Takasın Ötesi: Dayanışma Ekonomisiyle Yeni Bir Toplum-Saliha Gök
Kıymetli KHA Okurlarım saygı ve selamımla yeni yazım .Saliha Gök
Modern kapitalist sistemin merkezine yerleşmiş olan bireysel çıkar ve rekabet ilkesi, toplumsal dokuyu çözmekle kalmamış; insanı, üretim ve tüketim arasına sıkışmış bir nesneye dönüştürmüştür. Bu bağlamda, “ortak ekonomi” ya da daha kapsayıcı bir ifadeyle “dayanışma ekonomisi”, yalnızca alternatif bir üretim-tüketim modeli değil; aynı zamanda etik, vicdan ve toplumsal sorumluluk temelli yeni bir yaşam tahayyülüdür.

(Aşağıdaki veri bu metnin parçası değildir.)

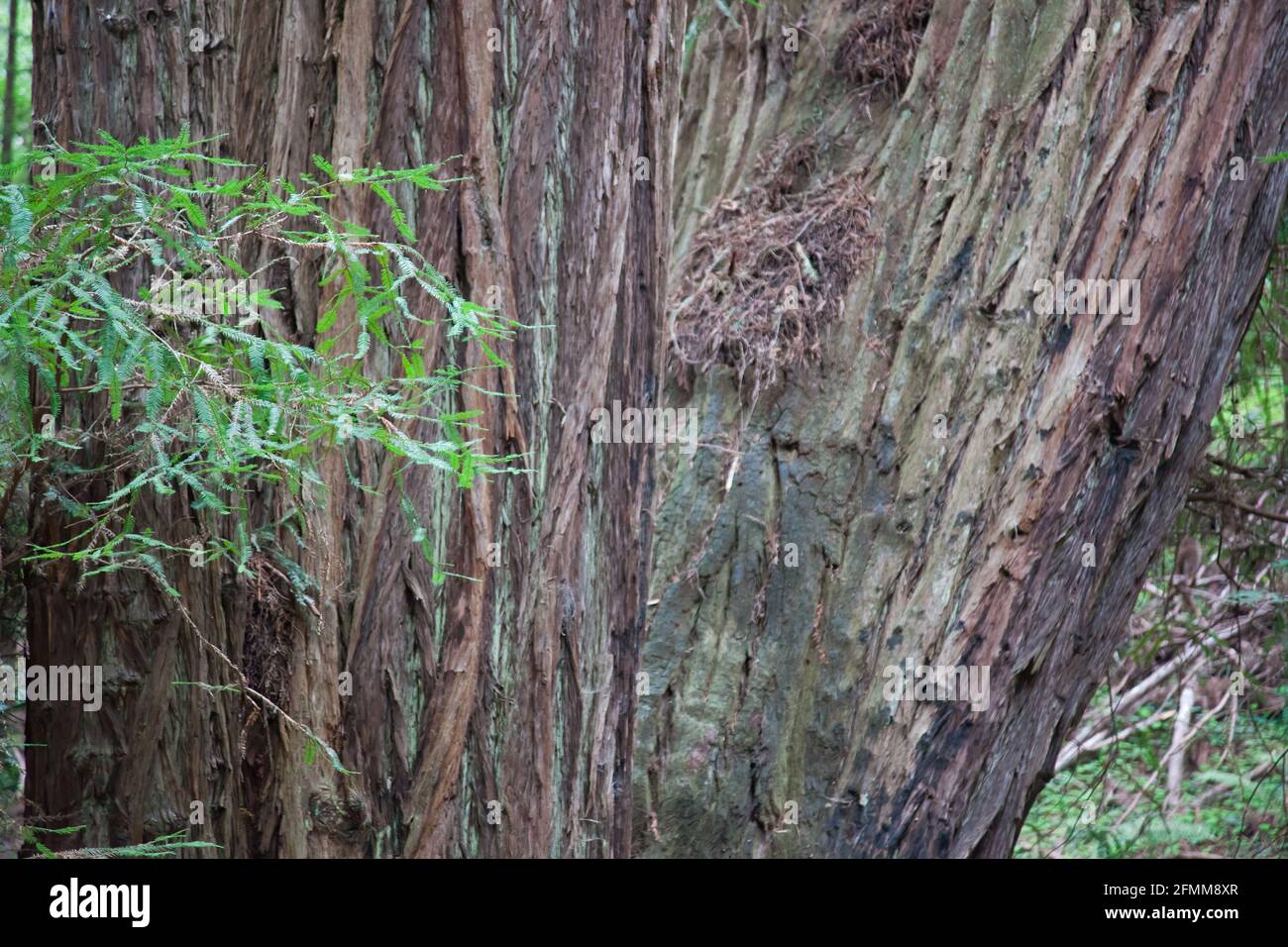 Coastal Redwood Tree Stock Photo Alamy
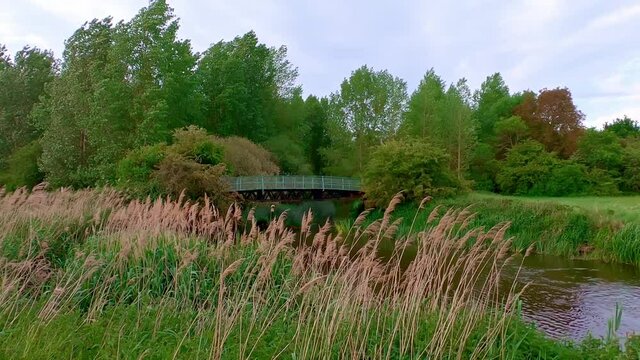 A foot bridge over a river surrounded by deciduous trees of varying colour with reeds blowing in the wind in the foreground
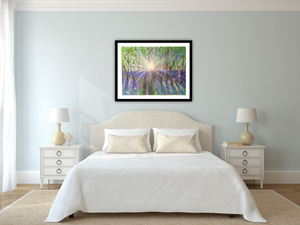 Welcome bluebells- limited edition prints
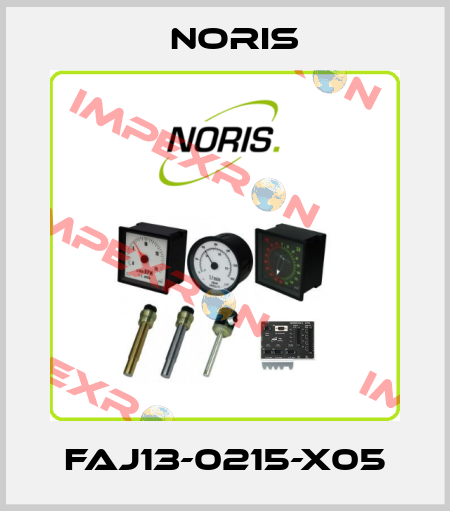 FAJ13-0215-X05 Noris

1. Ortak Ekonominin Kavramsal Zemini
Ortak ekonomi, klasik takas sisteminin ötesine geçerek, dijital platformlar aracılığıyla bilgi, hizmet, zaman ve mekânın kolektif paylaşımını mümkün kılan bir toplumsal örgütlenme biçimidir. Bu modelde mülkiyet değil erişim; rekabet değil işbirliği; kâr değil toplumsal fayda önceliklidir. Dayanışma ekonomisi, neoliberal paradigmanın dışlayıcı diline karşı, kapsayıcı ve vicdanlı bir söylem üretir.
2. Takasın Ötesinde: Etik ve Vicdan Temelli Paylaşım
Takas, tarihsel olarak eşdeğer değerlerin değişimini ifade ederken; dayanışma ekonomisi, eşdeğerlikten ziyade ihtiyaç ve imkân dengesine dayanır. Bir bireyin fazlası, başka bir bireyin eksiğini tamamlar. Bu yaklaşım, “vermek” fiilini yalnızca ekonomik değil, aynı zamanda etik ve insani bir eylem olarak yeniden tanımlar. Ortak mutfaklar, eşya paylaşım ağları, zaman bankaları ve kolektif üretim kooperatifleri bu anlayışın somut örnekleridir.
3. Dijital Platformlar ve Yeni Toplumsal Alanlar
Dijitalleşme, ortak ekonominin yaygınlaşmasında belirleyici bir rol oynamaktadır. Ancak burada kritik olan, teknolojinin araçsallaştırılması değil, etik bir zeminde örgütlenmesidir. Platform kapitalizminin tekelleştirici eğilimlerine karşı, açık kaynaklı, katılımcı ve şeffaf dijital ağlar inşa edilmelidir. Bu ağlar, yalnızca ekonomik değil, aynı zamanda kültürel ve sosyal bir dönüşümün taşıyıcısı olabilir.
4. Toplumsal Uyanış ve Yeni Bir Sözleşme
Dayanışma ekonomisi, yalnızca ekonomik bir model değil; aynı zamanda yeni bir toplumsal sözleşmenin çağrısıdır. Bu sözleşme, bireyin yalnızca hak sahibi değil, aynı zamanda sorumluluk taşıyan bir özne olarak yeniden tanımlanmasını gerektirir. Ortak üretim, ortak yaşam ve ortak karar alma süreçleri, demokrasinin yalnızca siyasal değil, gündelik hayatta da içselleştirilmesini sağlar.
5. Sonuç: Vicdanın Ekonomisi Mümkün mü?
Bugün, ekonomik krizlerin, ekolojik yıkımın ve toplumsal kutuplaşmanın gölgesinde; dayanışma ekonomisi bir ütopya değil, bir zorunluluk olarak karşımızda durmaktadır. Takasın ötesine geçmek, yalnızca nesneleri değil, anlamı ve sorumluluğu da paylaşmak demektir. Bu bağlamda, vicdanlı bir ekonomi mümkün değilse, sürdürülebilir bir toplum da mümkün değildir.